2010 VW Polo - First long distance drive advice. - RobJP

As others have said, the 'wee small hours' are the most dangerous for driving. You will be tired, the stress of work bleeding off, before you know it you're nodding off and (if you're lucky) waking up from hitting the rumble strip. If you're not lucky, you don't wake up at all.

I'd seriously recommend getting home, a few hours sleep, and then starting the trip at 5am.

Better to be Jack Shepherd and late, than be 'the late Jack Shepherd'.

2010 VW Polo - First long distance drive advice. - Engineer Andy

As others have said, the 'wee small hours' are the most dangerous for driving. You will be tired, the stress of work bleeding off, before you know it you're nodding off and (if you're lucky) waking up from hitting the rumble strip. If you're not lucky, you don't wake up at all.

I'd seriously recommend getting home, a few hours sleep, and then starting the trip at 5am.

Better to be Jack Shepherd and late, than be 'the late Jack Shepherd'.

Not excatly great having to drive through very rural areas at the crack of dawn (maybe, given the location, I should've employeed the term 'wee hours' too!), possibly with the added risk of suddenly sharing the road with farm animals and bad weather when absolutely cream crackered.

I wonder what the price of flights going from Stansted or even a coach trip up that way would be on that day, not cheap I suspect! Worth a thought. I'd definitely try and get some rest first and during the trip - I find my driving (by myself) from a similar area (Hertfordshire) all the way down to Cornwall in the daytime in summer tiring enough (only the last bit on anything like rural roads), let alone large chunks on unfamiliar rural roads in the middle of the night, in cold, likely rainy or snowy conditions as a novice driver.

I'd personally take the previous day as a holiday as well and travel up (whatever the method - drive myself or via train/coach/plane) during the day.
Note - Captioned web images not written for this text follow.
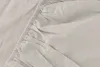 A close-up view of a beige fitted sheet, showing the elasticized edge and fabric texture. Náhled obrázku produktu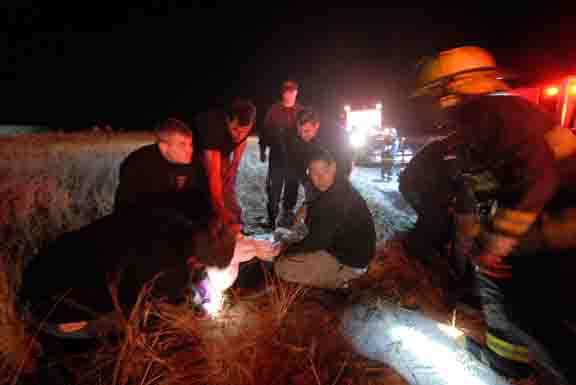 plane crash victim being treated on beach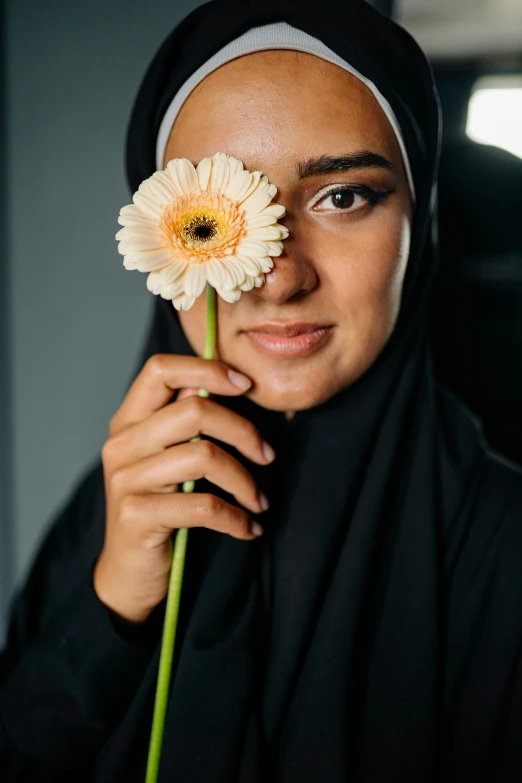a woman with a flower in her eye and black top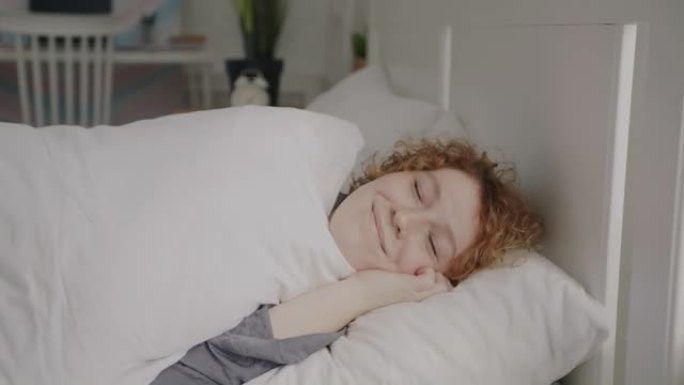 穿着睡衣的迷人年轻女士的肖像躺在床上，在家睡觉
Its not as though much useful work ever gets down in the day or so before (staying overnight with freinds/family or in a hotel/guest house) everyone breaks up for Christmas (which will be a Friday this year, as Christmas and New Years day will be on a Monday).

As others have said, better to get there in one piece than in a pine box.

2010 VW Polo - First long distance drive advice. - corax

Most has been said above, and this is a personal thing, but I take a wet flannel in a plastic bag or wet tissues, and give my face a wipe on the break stops. You will get a layer of road grime on your face with a journey that long. That and a flask of coffee really helps to freshen me up for the next stint.

Make sure you wear some comfortable loose fitting clothes. I also wear some thin soled slip on shoes to keep my feet in a more relaxed position on the pedals.

You'll need more concentration once you approach Glasgow.

Edited by corax on 19/11/2017 at 16:58

2010 VW Polo - First long distance drive advice. - daveyjp
Google maps shows it at 6.5 to almost 7 hours (400 miles) and would say this is about right, but that ignores breaks.

We do Leeds to Glasgow regularly and it takes about 5 hours with a break.

The A66 is a decent road in daylight, but at night needs to be taken at a steady pace. There’s also a chance of bad weather at that time of year so plan your route accordingly. I did the A66 in very high winds and heavy rain last year and it was frightening in daylight, at night it would be horrendous.

Getting onto the M1 and M6 at Birmingham to avoid the A66 could be a better option as a new driver.
2010 VW Polo - First long distance drive advice. - Manatee

It's all been said I think.

On thing I have learned is that being well prepared, knowing you always have plenty of fuel (aim to keep it more than 1/4 full at all times), plenty of warm clothing/waterproofs on board, snacks and drinking water etc, a plan for if you have a puncture or a breakdown and above all as much time as you need makes all the difference to how much you can enjoy a long drive. I even carry a telescopic shovel in winter.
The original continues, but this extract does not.